EKONOMİ - 30 Eylül 2025 Salı 10:21

Gümüşhane’de genç muhtarın Türkiye’ye ilham veren başarı hikayesi

A
A
A
Gümüşhane’de genç muhtarın Türkiye’ye ilham veren başarı hikayesi

Gümüşhane’nin Kürtün ilçesinin zorlu coğrafyaya sahip Akçal Köyündeki genç girişimci Said Tüfekçi ve ailesinin yazdığı başarı hikayesi herkese ilham veriyor.


Bursa’da doğan ve üniversite eğitimini Gümüşhane Üniversitesi’nde tamamlayan Said Tüfekçi (35) büyük şehir imkanlarını bir kenara bırakarak 2016 yılında memleketi Gümüşhane’nin Kürtün ilçesine bağlı Akçal köyüne geri döndü.

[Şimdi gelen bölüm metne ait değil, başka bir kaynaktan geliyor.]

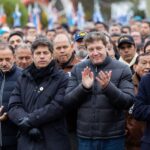 Melella encabezó el acto central por Malvinas en Ushuaia y llamó a fortalecer una estrategia integral de soberanía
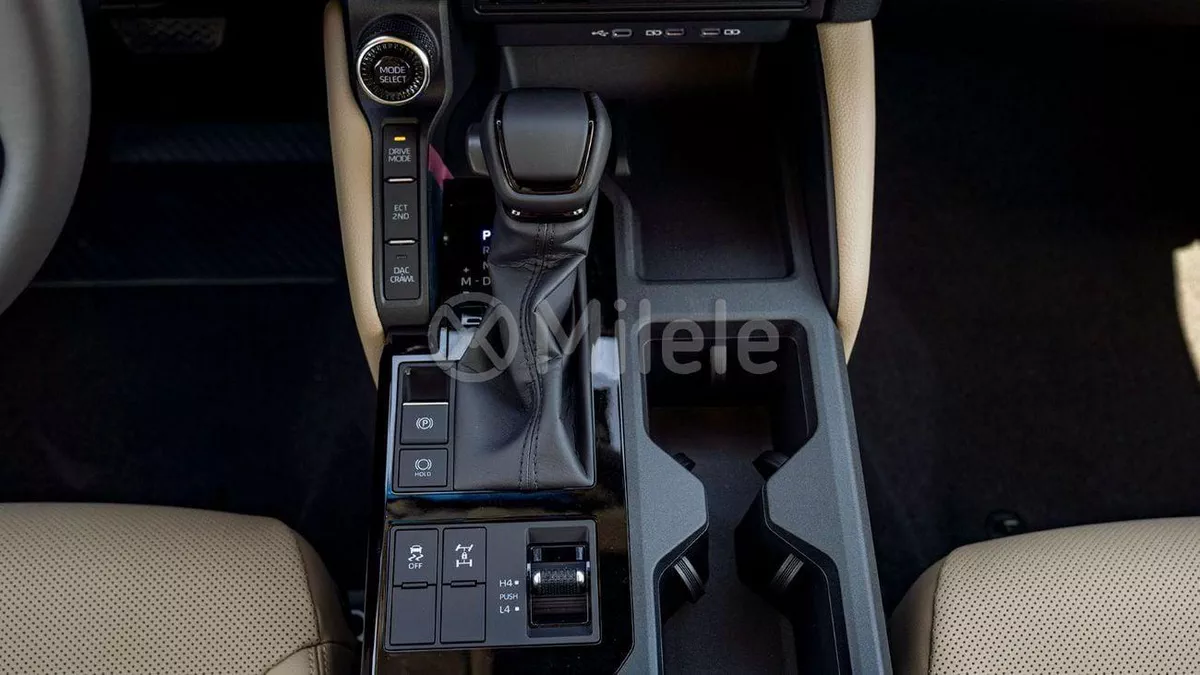 Toyota Prado  TOYOTA PRADO 250 | EXPORT-21-0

Veteriner Sağlık Teknikerliği bölümü mezunu olan Tüfekçi, eşi Aslı Tüfekçi ve emekli olduktan sonra köye dönüş yapan anne ve babasının büyük desteğiyle tarım ve hayvancılık sektörüne adım attı.


Köyünde 2 büyükbaş hayvanla başladığı yolculuğunu devlet desteğiyle zaman zaman 50 hayvana kadar çıkaran ve daha sonra yoğun talep üzerine süt sığırcılığına geçen Tüfekçi, ailesiyle birlikte süt ürünleri üreterek ülkenin dört bir yanına gönderiyor.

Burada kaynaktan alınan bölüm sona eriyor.